Il Consiglio comunale ha approvato nella seduta di lunedì scorso un documento contenente provvedimenti per il rilancio dell’attività edilizia e la ripresa delle attività economiche, contenente sostanzialmente una modifica al ribasso degli oneri edilizi riguardanti la monetizzazione degli standard urbanistici negli interventi edilizi diretti.

Ad illustrare meglio i contenuti del documento è l’Assessore all’Urbanistica, Mario Bucci, che spiega come questa tassa introdotta nel 1976 tragga fondamento dalla concessione del diritto a costruire in aree come i centri storici in cui ci sia carenza di spazi per cui a fronte di incrementi di carico urbanistico le amministrazioni possono chiedere il versamento degli oneri, quantificati attraverso due parametri: il costo di urbanizzazione ed i valori immobiliari. A Jesi tali parametri furono fissati con una delibera del 2008 a seguito del piano urbanistico dell’epoca.

Oggi, a 5 anni di distanza, l’Amministrazione comunale prende atto delle profondamente mutate condizioni di fatto del mercato con la frenata subita dall’attività edilizia, che rimane vivace solo per quanto riguarda le piccole trasformazioni edilizie, grazie al Piano casa, che però esclude i centri storici, manifestandosi in un calo dei valori immobiliari.

L’intervento dell’Amministrazione ha due obiettivi: quello di agevolare il recupero dell’esistente e quello di rilanciare non solo l’attività edilizia, ma anche quelle economiche in senso lato. “Per questo ho chiesto che le riduzioni si applicassero non solo ai recuperi edilizi residenziali ma anche a tutti gli edifici, anche a quelli delle attività produttive di tutti i settori.

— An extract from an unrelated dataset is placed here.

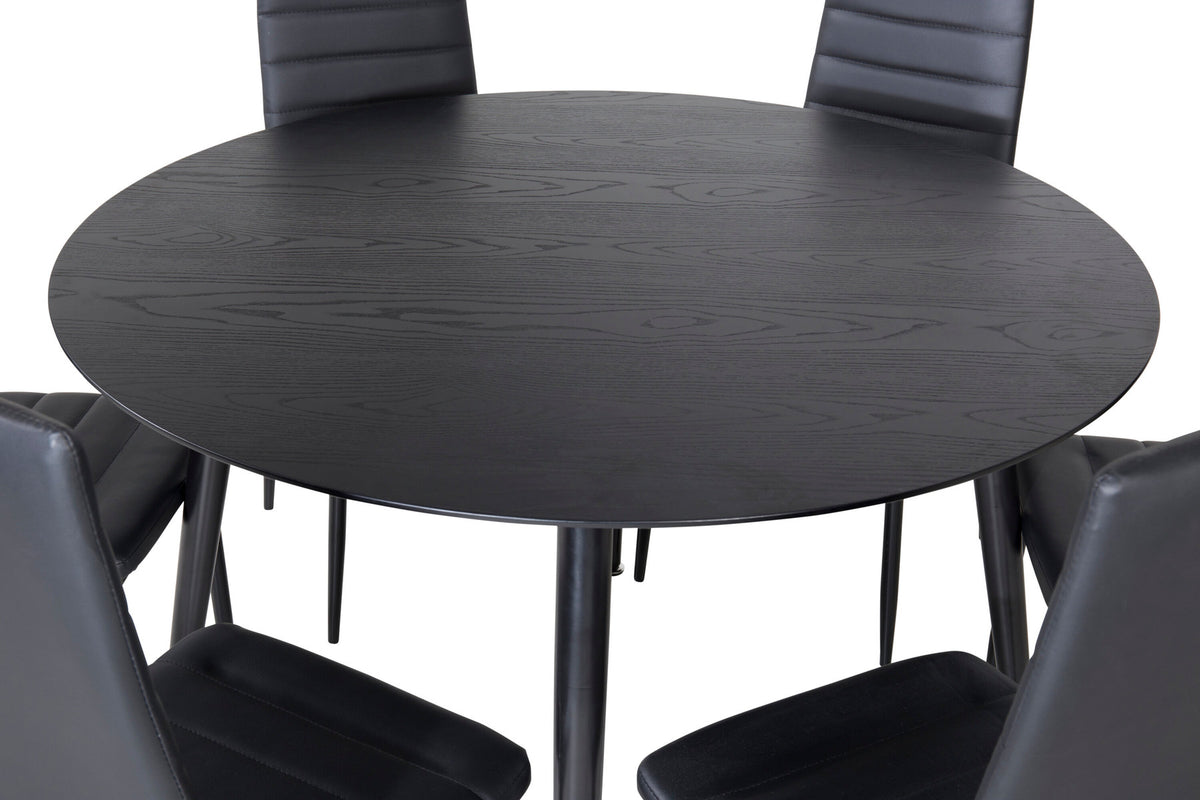 Dipp Esszimmerset + Slim ⌀115cm/6St. in Schwarz präsentiert im Onlineshop von KAQTU Design AG. Esszimmerset ist von Venture Home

E non solo nel centro storico ma anche nella zona industriale, agevolando anche l’imprenditore che vuol ampliare il capannone o il commerciante che vuol allargare il negozio”, spiega Bucci. “Questo perché il flusso della ricchezza a Jesi secondo me va da est a ovest, nel senso che ad Est della città, nella zona industriale e dedita al terziario, si produce quella ricchezza che poi fluisce nella parte occidentale, più residenziale. Perciò occorre intervenire anche laddove la ricchezza si genera”.

Per amplificare lo stimolo alla ripresa delle attività economica gli incentivi saranno validi solo nel corso del 2013.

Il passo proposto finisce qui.